Whether it’s all for naught, all for not, or all for knot, it just doesn’t make any difference. One of my bloggy boys fucking rocked it suave, which just happened to be the exact way it needed to be done this time. Che che checki tout:
Everyone is wrong, and only by recognizing our linguistic condition of original sin can we hope to atone for our wayward usage and get on the straight and narrow.
No, an iconograpic multi-national tax shelter that was a couple grand late to leave the Latin behind in order to complete the upgrade to the vulgar, that have stuck to their guns in order to keep the drafts and echoes as sharp as ever, whose flying buttresses have become flaming gargoyled priestestes thanking God for the thick, flowing, lo-drape Bath & Bombast work costumes they picked-up last year when the Priests in Pedophilia had their annual Pork ‘n’ Porno Pagaent–he remembers because that was the first one where they decided to invite the parents out, too.

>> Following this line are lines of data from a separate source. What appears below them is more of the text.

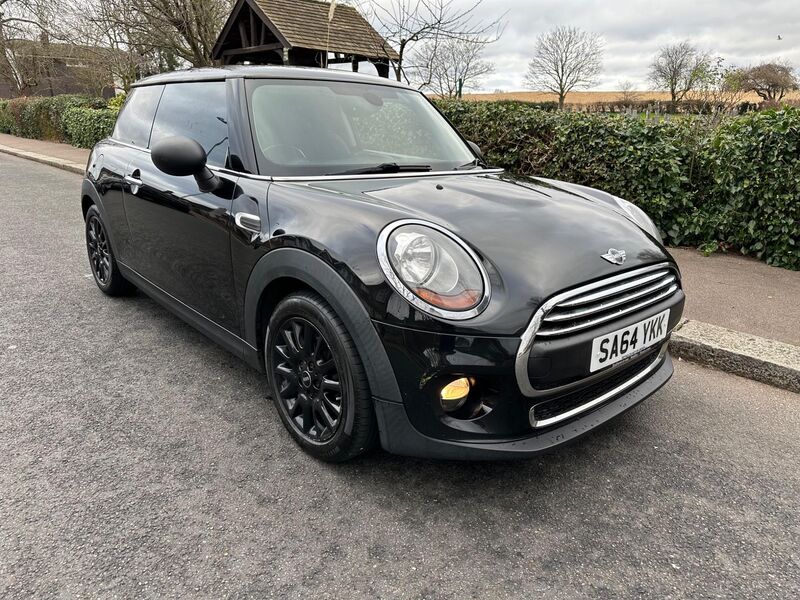 MINI HATCH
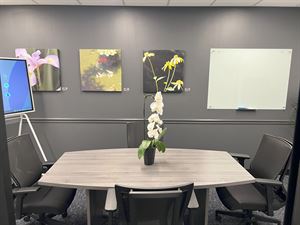 Botanical Room (Small Conference Room Up to 6)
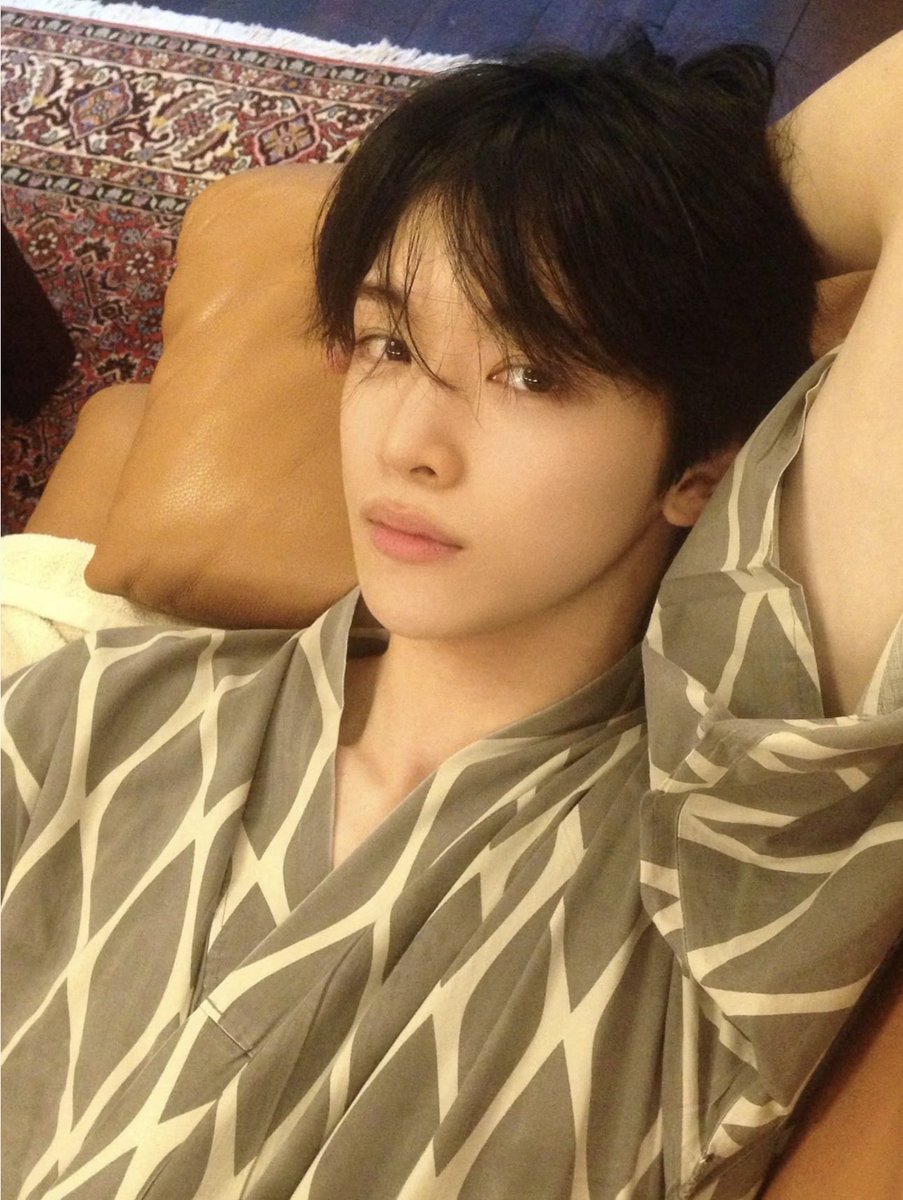 B1bidibabidibu's tweet photo. 2026년 9월
유후인 온천 여행

이런 환연 자막 달려있을법한 사진이라 마음이 아려온다.. https://t.co/scV845JOGI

Everybody got a long real well, and pretty much since about that time was when Viagra become the sacrament of choice, and sacrilege finally melded into sacred once and for all–probably not the best road map for keeping a language vibrant.
But the David Koresh route probably wouldn’t be the very, very best way, either.
No stuffy, no sloppy. Don’t be slacker, don’t be so serious. Alliterate every once in a while. But, take it from me, you can really bug up some people fast fast before you can keep that up for too long. And here I’m being too long. It’s true; I just like to hear myself click.
Could there be a stupider word?
I’m aware of how possible it is that my little site isn’t much entertaining to anyone but me, but, really seriously now, it’s a good Bunyan step in that direction from the blahgbabbling this retired linguistics professor grafs up on the 1980s wallpaper with which he cobbles his site together, right?*
But, God? Please don’t let him come to do a trackback. Really don’t like hurting the people’s feelings. Boring stuff, but I’m glad he spins out the yarns that the little lingui fibers that itch him deserve to grow into.**
*The embedded prepositon there was only a stylistic move; it is a false and spurious notion that a sentence should not be terminate prepositionally. **In fact, it’s often aesthetically impossible to do so. FYI.